Dr Laura Ludtke

Stipendiary Lecturer in English
Research

Dr Laura E. Ludtke studied at the University of British Columbia (BA Hons Classical Studies) and Queen’s University, Canada (BA Hons English; MA Classics; MA English). After completing her D.Phil. at the University of Oxford, she returned to Canada to take up a series of fixed-term lectureships at Queen’s University, returning to the UK in 2018.

Her research to date has focussed on intersections modernity, technology, and aesthetics in literary and cultural depictions of urban spaces. She is currently at work on a monograph, ‘Modernities, Technologies, and Aesthetics: London’s Lightscape, 1880 to 1950’, which considers a cross section of literary and cultural responses to the electrification of London that draws on original archival research into the history of that electrification. It explores the emergence of a resistance to the Enlightenment dialectic in these responses and argues for an inclusive reading of popular, genre, and middlebrow fiction alongside literary modernism in order to contextualise modernist responses to the electrification of London.

She is Secretary of the British Society for Literature and Science and chairs its annual book prize.
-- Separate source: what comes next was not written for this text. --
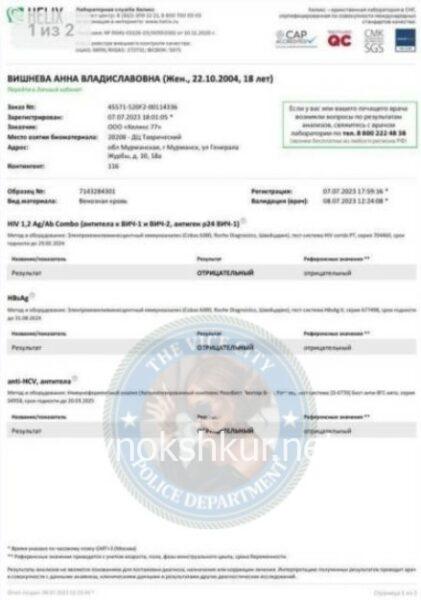 Анна Владиславовна Вишнева Анна Владиславовна Вишнева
Along with Dr Catherine Charlwood, she has co-hosted LitSciPod: The Literature and Science Podcast since 2019. Series 4 is coming in 2023.

Teaching

Currently, as a Stipendiary Lecturer in English at Merton College, she teaches Prelims Paper 3 (‘Literature in English, 1830 to 1910’) and Paper 4 (‘Literature in English 1910 to present’). While her primary focus is transatlantic anglophone literature from 1880 to 1950, she has taught the full range of twentieth- and twenty-first-century literature and also has extensive experience of teaching the long nineteenth century. This year, she is particularly excited to offer tutorials on the modern short story; fiction of the Harlem Renaissance; poetry of the AIDS Crisis; Blitz fiction; modernist sex, sexuality, and censorship; and anti-colonial modernisms.